He proposed creating a language database that would offer language instruction and pastoral resources for migrants and refugees.
Ruiz echoed her student group’s desire for listening sessions between lay people and pastors and bishops.
“We see around us that many of our pastors are not close to their flocks,” she said at the event. “How do we promote participation and friendship between all members of our societies? How do we support concrete local initiatives while building bridges of solidarity between different cultural and linguistic contexts? What advice do you have for us to work together as a Church in our context?”

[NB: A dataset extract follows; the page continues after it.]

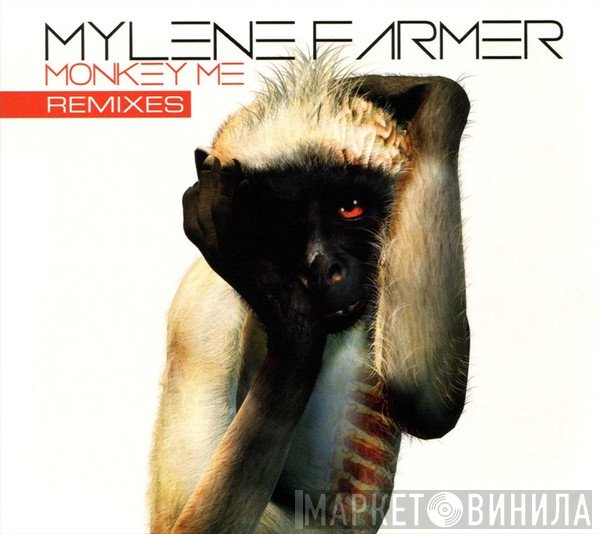 Mylène Farmer  - Monkey Me (Remixes)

Pope Francis responded to the group’s answers, referencing Bazail-Eimil and Ruiz’s responses, and sharing that students are called to leave the world in a better state than they entered it and that pastors are called to be close to their parishioners.
‘It May Sound Cheesy, But’
Ruiz left the conversation with Pope Francis filled with hope.
“It was very much a personal encounter, and it was otherworldly,” she says. “It may sound cheesy, but it gave me so much hope and joy in my faith, in the state of the world, in the state of the Church. There was so much wisdom in what he said. I know I will draw on this wisdom forever.”
Ruiz also felt reaffirmed that dialogue, including with those in her student group who had different perspectives, works — and she intends to foster intercultural dialogue in her future career.
Ruiz grew up attending Spanish mass in a Mexican American community in a small town in Wisconsin. Born in Mexico, she moved to the U.S. when she was seven. At Georgetown, she gained a new understanding of Catholicism through an American lens and of “stepping into other people’s shoes.” Her dream is to deepen cultural dialogue within the Church, whether working internationally or on a local, grassroots level.